El hecho de la evolución

En Salamanca conocí la obra de Teilhard de Chardin en un momento en que la vieja visión del mundo asumida por la filosofía escolástica, la llamada "filosofía perenne", daba señales inequívocas de caducidad. Sin embargo, ahí estaba Teilhard, sabio, profeta y místico, que -afrontando dificultades e incomprensiones- había ofrecido una nueva visión del mundo, evolutiva y dinámica.

Resultaba liberador constatar que la evolución no se opone a la fe ni, de suyo, da amparo a ninguna filosofía. Es un hecho que se descubre por la ciencia. Según Teilhard, el mínimo credo común de todos los evolucionismos es éste: existe una ligazón física entre todos los vivientes y, por extensión, entre todo lo real.

Hombre inteligente y creyente, Teilhard considera ilegítimo el cisma que gradualmente, desde el Renacimiento, ha separado al cristianismo del mundo moderno. Decía ya en 1923: "Empiezo a pensar que hay cierta visión del mundo real tan cerrada para determinados creyentes, como el mundo de la Fe está cerrado para quienes no son creyentes".

En su persona y en su obra, Teilhard presenta una decidida renovación que le permite dialogar con el mundo moderno. La misma Religión sale fecundada, engrandecida. Teilhard tiene el mérito de devolver al cristianismo su sentido cosmológico. Pero también, el de ofrecer a un mundo dinámico la luz de la Revelación.

 

Cristo es el Centro

En un círculo de estudios, tenido en el Colegio Español de Roma allá por el curso 67-68, se me pidió que explicara qué era eso del punto Omega. El punto Omega, de claro sabor apocalíptico, es el centro final de convergencia de todo el proceso cósmico. Para Teilhard, el universo está centrado evolutivamente. La dirección del proceso evolutivo es ésta: cosmogénesis-biogénesis-antropogénesis, o sea, mundo-vida-hombre. Pero he aquí el problema: el hombre -en quien la evolución se ha hecho consciente- percibe su propia finitud y la del mundo mismo. Ahora bien, si la nada es el futuro de la evolución, ¿tiene sentido el esfuerzo precedente? En este contexto surgió mi primer artículo, que trató sobre el concepto teilhardiano de muerte en el marco de un mundo en evolución.

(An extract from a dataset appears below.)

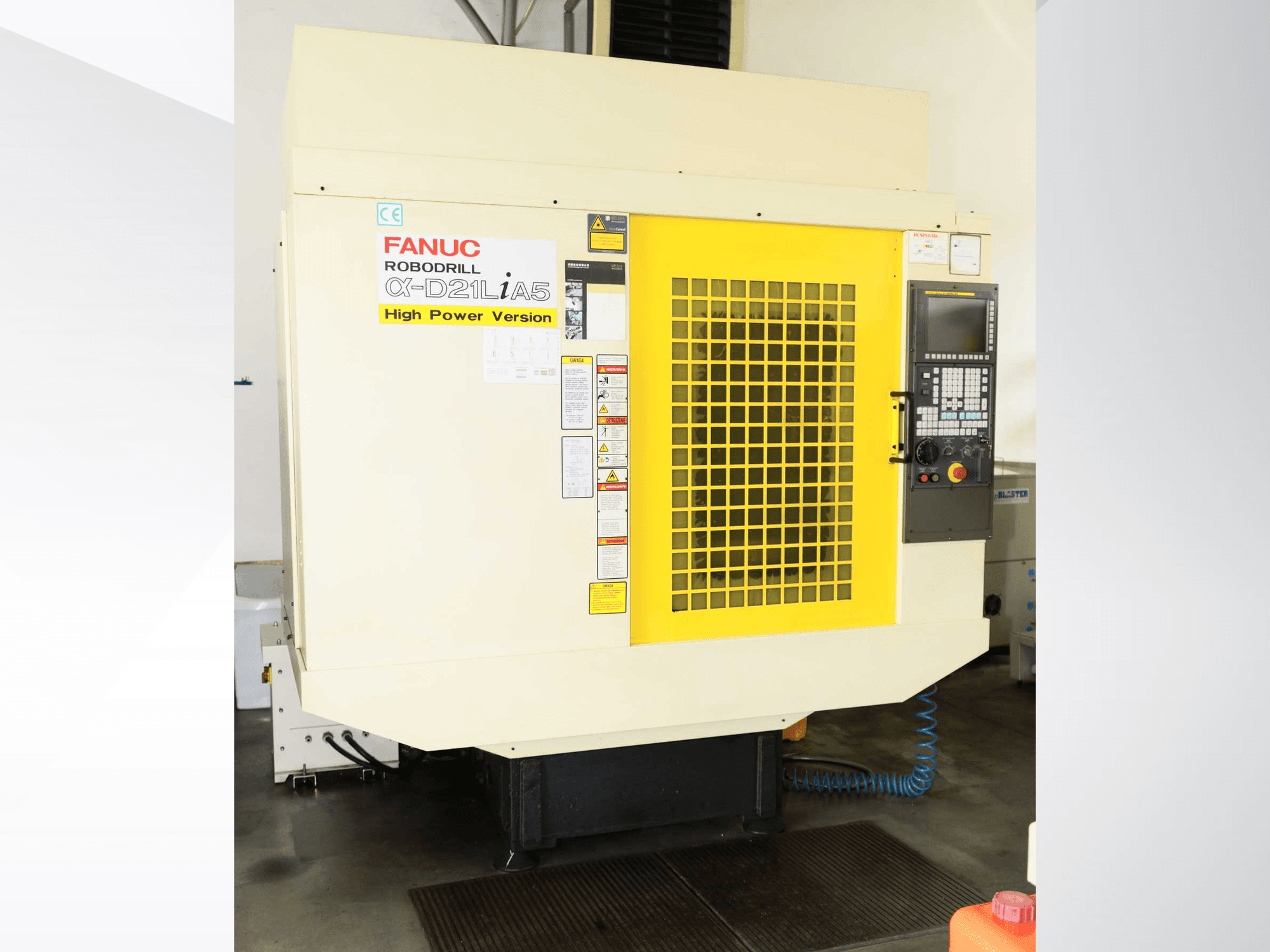 FANUC ROBODRILL α-D21LiA5 vertikalt bearbetningscenter, framifrån sett med gult säkerhetsgaller och detaljer på kontrollpanelen.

Omega es el futuro que espera a una evolución que ha llegado a ser consciente, pero que ha de afrontar el paso vertiginoso y oscuro de la muerte. Omega ha de ser, según Teilhard, una realidad trascendente y personal. Trascendente, porque está al otro lado de todos y de cada uno de los fenómenos. Personal, porque -desde el momento en que el mundo ha llegado a ser personal- ya nada puede tener sentido para él que no sea supremamente personal, ya ninguna realidad puede ser superior ni puede atraerle si no es sumamente relacional, ya ningún punto trascendente podría centrarle.

Omega es el punto clave de la hipótesis teilhardiana. Si Omega existe, entonces todo es explicable. También la muerte. La muerte es, así, paso hacia adelante por donde se llega a la plenitud de Omega.

Avanzando de abajo hacia arriba, es decir, a la luz de la razón, no se llega sino a ese hipotético "dios desconocido" que es Omega. Pero cambiando de perspectiva y considerando las cosas de arriba abajo, es decir, a la luz de la Revelación, Omega es Cristo, que llena, consuma, da consistencia y recapitula toda la creación.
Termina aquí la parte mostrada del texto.